600.108 Intro Programming Lab, Week 3

Getting Started: If your partner from last week's lab is present, please sit and work together again this week. Check with the lab leaders if you forget who your partner was, or if you need a (different) partner for this week for some reason.

Do the Blackboard quiz "week3" to get started.

The Problem: HANGMAN

Write a program to play hangman. In this game, there is a secret word which is read from a file called "hangwords.txt". The user has to try to guess the word and should have the following options available at any time during game play (you can use a menu, or make up another mechanism):

	- make a single letter guess
	- make a whole word guess
	- start a new game (if there are words left in the input file)
	- quit the program
   

For each correct single letter guess, all occurrences of that letter should then be displayed for the user in the appropriate position in the secret word. For each incorrect letter guess, a body part is added to the hangman's noose. If the hangman figure is completed before the word is guessed, the user loses. If the user tries a whole word guess but is wrong, they also lose the game. If they complete or guess the word before the hangman is completed, then they win. Your program should continue playing the game until the user chooses to quit, or until there are no more words in the file. Assume there is one word per line of the input file.

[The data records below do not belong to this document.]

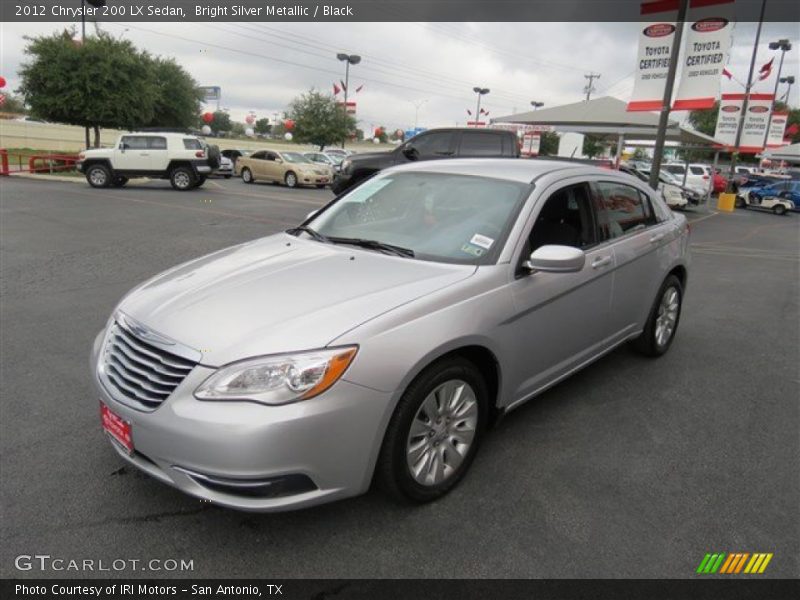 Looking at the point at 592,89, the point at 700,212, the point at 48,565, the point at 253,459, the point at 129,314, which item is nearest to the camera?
the point at 253,459

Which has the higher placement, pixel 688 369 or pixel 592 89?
pixel 592 89

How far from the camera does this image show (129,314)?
2869mm

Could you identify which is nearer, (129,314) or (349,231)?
(129,314)

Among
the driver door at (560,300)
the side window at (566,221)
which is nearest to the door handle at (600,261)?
the driver door at (560,300)

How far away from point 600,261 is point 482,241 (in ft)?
3.40

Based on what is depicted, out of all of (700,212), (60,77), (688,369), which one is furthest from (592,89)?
(688,369)

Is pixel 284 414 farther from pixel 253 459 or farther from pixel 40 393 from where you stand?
pixel 40 393

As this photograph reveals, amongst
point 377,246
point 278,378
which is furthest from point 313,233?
point 278,378

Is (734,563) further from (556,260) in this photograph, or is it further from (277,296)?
(277,296)

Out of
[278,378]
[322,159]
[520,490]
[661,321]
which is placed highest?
[322,159]

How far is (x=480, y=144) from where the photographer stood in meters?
12.9

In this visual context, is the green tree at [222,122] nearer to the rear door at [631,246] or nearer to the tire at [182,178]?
the tire at [182,178]

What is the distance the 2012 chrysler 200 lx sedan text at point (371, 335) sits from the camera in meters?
2.34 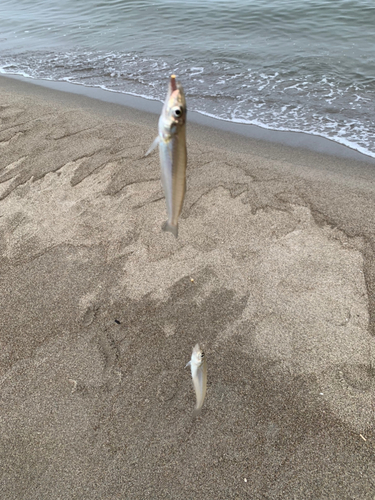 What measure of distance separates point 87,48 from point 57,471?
13.0m

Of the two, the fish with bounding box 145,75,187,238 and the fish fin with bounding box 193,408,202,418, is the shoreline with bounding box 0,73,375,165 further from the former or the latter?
the fish with bounding box 145,75,187,238

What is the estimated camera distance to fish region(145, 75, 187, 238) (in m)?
1.47

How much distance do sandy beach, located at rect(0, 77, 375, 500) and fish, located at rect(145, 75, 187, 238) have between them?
6.16 feet

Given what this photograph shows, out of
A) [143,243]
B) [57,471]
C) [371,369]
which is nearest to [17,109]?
[143,243]

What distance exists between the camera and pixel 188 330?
354 cm

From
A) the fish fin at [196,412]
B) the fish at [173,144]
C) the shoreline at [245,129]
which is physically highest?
the fish at [173,144]

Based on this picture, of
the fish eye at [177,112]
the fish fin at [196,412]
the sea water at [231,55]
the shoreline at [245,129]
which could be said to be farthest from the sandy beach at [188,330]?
the sea water at [231,55]

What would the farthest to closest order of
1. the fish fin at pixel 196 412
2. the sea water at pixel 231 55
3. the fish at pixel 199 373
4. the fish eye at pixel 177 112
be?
1. the sea water at pixel 231 55
2. the fish fin at pixel 196 412
3. the fish at pixel 199 373
4. the fish eye at pixel 177 112

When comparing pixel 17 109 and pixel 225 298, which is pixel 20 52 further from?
pixel 225 298

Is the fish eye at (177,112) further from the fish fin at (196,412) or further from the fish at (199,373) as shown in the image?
the fish fin at (196,412)

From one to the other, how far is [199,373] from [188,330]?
0.78m

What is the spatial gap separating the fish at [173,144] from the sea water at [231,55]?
5597 mm

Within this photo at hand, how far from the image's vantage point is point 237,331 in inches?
138

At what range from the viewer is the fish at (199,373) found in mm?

Step 1) ANALYSIS: Create a sample run (play the game on paper) to show the user interface of the program and possible input/output scenarios. Instead of having your program draw a hangman figure (we'll add this later), just plan for it to say how many body parts are left. Decide on a user interface for making the guesses - try to make it easy to use. Ask your lab leader if the problem needs clarification. Show your sample to a lab leader before proceeding.

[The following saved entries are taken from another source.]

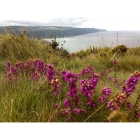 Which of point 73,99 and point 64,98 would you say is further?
point 64,98

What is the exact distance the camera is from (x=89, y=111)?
7.14 ft

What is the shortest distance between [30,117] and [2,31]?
678 centimetres

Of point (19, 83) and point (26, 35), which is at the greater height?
point (26, 35)

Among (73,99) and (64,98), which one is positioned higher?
(73,99)

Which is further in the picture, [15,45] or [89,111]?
[15,45] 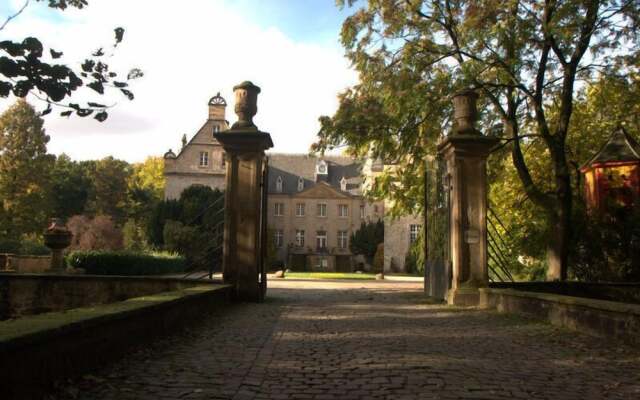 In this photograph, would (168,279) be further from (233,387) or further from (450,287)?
(233,387)

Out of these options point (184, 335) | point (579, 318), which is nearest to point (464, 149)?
point (579, 318)

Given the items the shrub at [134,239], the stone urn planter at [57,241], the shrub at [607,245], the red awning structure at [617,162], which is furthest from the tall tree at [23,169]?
the shrub at [607,245]

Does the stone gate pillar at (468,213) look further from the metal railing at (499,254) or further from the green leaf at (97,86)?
the green leaf at (97,86)

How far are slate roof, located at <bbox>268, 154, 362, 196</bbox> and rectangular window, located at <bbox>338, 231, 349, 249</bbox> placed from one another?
425 cm

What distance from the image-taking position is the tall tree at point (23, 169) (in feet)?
145

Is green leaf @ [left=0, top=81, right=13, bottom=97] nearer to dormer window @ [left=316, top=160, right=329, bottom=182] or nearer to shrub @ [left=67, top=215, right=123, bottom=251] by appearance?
shrub @ [left=67, top=215, right=123, bottom=251]

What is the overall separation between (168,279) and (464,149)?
6.36 metres

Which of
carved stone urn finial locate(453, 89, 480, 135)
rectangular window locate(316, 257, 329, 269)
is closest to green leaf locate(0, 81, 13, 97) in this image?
carved stone urn finial locate(453, 89, 480, 135)

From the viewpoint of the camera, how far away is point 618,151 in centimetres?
2320

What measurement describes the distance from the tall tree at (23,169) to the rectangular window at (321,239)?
25527 mm

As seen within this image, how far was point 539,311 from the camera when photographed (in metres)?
8.54

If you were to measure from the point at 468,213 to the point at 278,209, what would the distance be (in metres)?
48.6

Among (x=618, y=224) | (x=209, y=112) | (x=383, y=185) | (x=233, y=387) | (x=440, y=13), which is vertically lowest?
(x=233, y=387)

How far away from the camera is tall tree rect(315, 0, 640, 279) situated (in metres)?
13.6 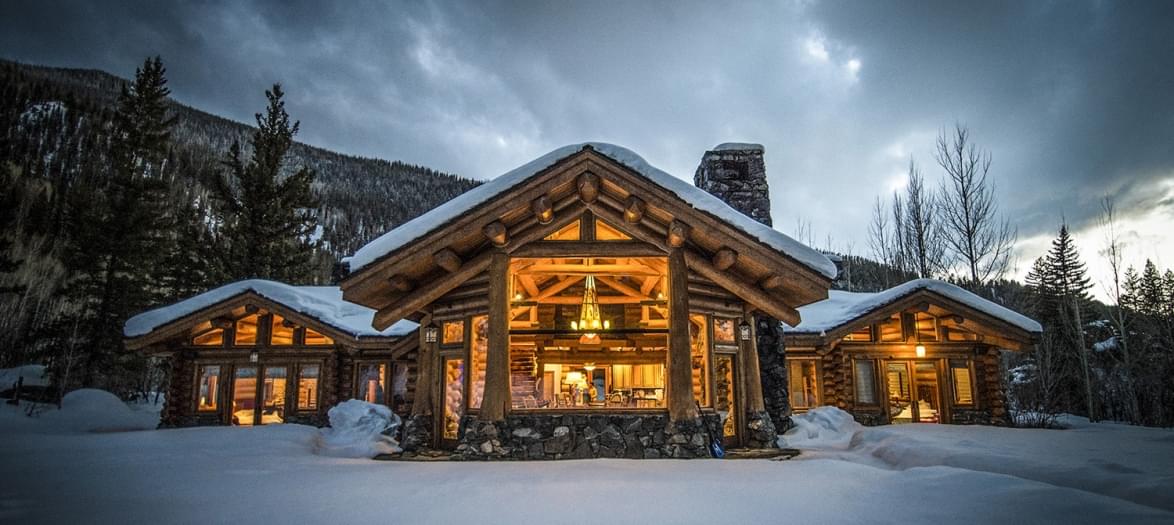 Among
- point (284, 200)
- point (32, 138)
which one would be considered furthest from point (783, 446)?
point (32, 138)

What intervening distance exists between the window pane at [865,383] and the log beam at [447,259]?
13.2 m

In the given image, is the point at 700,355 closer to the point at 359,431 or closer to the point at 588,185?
the point at 588,185

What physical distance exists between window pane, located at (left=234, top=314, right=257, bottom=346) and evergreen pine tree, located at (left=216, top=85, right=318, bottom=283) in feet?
38.1

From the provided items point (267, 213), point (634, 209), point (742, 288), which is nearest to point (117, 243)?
point (267, 213)

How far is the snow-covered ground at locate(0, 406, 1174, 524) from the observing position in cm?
471

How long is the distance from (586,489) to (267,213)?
29.3 metres

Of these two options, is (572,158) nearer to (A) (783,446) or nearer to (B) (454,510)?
(B) (454,510)

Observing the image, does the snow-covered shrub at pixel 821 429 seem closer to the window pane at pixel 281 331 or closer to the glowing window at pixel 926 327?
the glowing window at pixel 926 327

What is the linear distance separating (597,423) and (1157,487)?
6257mm

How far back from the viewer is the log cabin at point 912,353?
15.6m

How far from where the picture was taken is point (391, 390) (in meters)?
18.2

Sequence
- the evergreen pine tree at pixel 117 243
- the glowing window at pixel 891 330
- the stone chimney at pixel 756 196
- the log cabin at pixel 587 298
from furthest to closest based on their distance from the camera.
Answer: the evergreen pine tree at pixel 117 243
the glowing window at pixel 891 330
the stone chimney at pixel 756 196
the log cabin at pixel 587 298

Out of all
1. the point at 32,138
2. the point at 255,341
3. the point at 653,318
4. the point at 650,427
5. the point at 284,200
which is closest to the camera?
the point at 650,427

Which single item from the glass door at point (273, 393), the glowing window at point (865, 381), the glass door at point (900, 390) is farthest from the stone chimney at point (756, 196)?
the glass door at point (273, 393)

--- Switch driver/nagivator roles ---

Step 2) DESIGN: Create a text file with a design structure. Because this problem is rather complicated, you should use several subroutines to help organize the processing. Start by writing pseudocode for your main method which uses calls to those subroutines to do much of the work. By writing main first, it should be fairly easy to see which tasks are too complicated to figure out easily. Those are the things you should create subroutines for, but you don't have to specify the full details of the subroutines right now. Have a lab leader check your main pseudocode and explain your subroutine ideas to him/her.

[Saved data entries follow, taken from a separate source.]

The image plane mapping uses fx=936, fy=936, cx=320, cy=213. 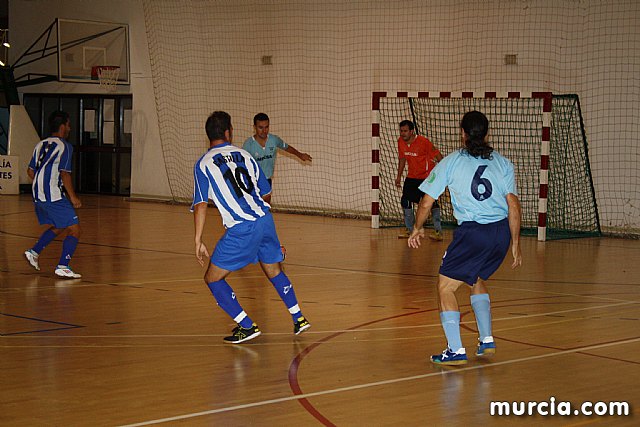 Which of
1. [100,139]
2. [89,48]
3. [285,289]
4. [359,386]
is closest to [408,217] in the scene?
[285,289]

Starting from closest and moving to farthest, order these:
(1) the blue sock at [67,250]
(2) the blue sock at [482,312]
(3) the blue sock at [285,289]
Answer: (2) the blue sock at [482,312]
(3) the blue sock at [285,289]
(1) the blue sock at [67,250]

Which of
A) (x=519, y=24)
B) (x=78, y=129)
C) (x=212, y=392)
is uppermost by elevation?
(x=519, y=24)

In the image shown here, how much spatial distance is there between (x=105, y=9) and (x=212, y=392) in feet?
68.9

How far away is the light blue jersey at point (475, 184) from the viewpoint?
662 cm

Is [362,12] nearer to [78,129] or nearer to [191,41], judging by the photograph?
[191,41]

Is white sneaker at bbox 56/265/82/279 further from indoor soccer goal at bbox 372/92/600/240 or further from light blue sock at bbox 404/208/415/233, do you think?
indoor soccer goal at bbox 372/92/600/240

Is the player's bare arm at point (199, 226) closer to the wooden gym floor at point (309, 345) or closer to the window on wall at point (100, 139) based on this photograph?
the wooden gym floor at point (309, 345)

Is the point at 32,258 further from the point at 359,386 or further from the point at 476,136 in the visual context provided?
the point at 476,136

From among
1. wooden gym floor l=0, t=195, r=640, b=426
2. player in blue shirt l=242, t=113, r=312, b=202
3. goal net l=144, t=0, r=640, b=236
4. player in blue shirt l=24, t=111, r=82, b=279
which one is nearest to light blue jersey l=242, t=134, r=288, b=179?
player in blue shirt l=242, t=113, r=312, b=202

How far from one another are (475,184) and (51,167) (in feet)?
20.0

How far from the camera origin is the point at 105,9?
82.5ft

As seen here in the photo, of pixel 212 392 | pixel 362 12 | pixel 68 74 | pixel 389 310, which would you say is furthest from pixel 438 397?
pixel 68 74

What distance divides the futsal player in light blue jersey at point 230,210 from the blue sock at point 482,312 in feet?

--- Switch driver/nagivator roles ---

Step 3) MORE DESIGN: Now you need to clarify the processing for each subroutine by writing pseudocode for them. Think about what data each will need passed to it through the parameters, and what data if any it might need to return to the main processing. Have a lab leader check over your subroutine pseudocode before continuing.

--- Switch driver/nagivator roles ---

Step 4) CODING: You can download a java program which contains a partial solution: HangmanStart.java. Save it as Hangman.java. Our approach and method breakdown is likely to be somewhat different from yours (and is different from the sample run posted on Piazza @18).

--- Switch driver/nagivator roles ---

Step 5) TESTING: Play the game a bit to determine if it is working correctly. Fix any problems that you find. Make sure your final version is Checkstyle compliant, with the exception of the cyclomatic complexity issue. That stems from having a method (main in this case) that is too complex with respect to nested control structures, which would make it hard to fully test. (Eliminating the problem in this case would require a large restructuring of the program, ideally with a more object oriented design.) Remember to recompile and test the program as you fix any style issues.

Step 6) CLEAN-UP: Zip all the files together from today's lab and email to both students. Then each student must submit their work on Blackboard for the week, noting their partner's name and JHED login in the submission textbox. You must then delete your files off the lab computer and logout before leaving! Failure to do so constitutes an ethics violation.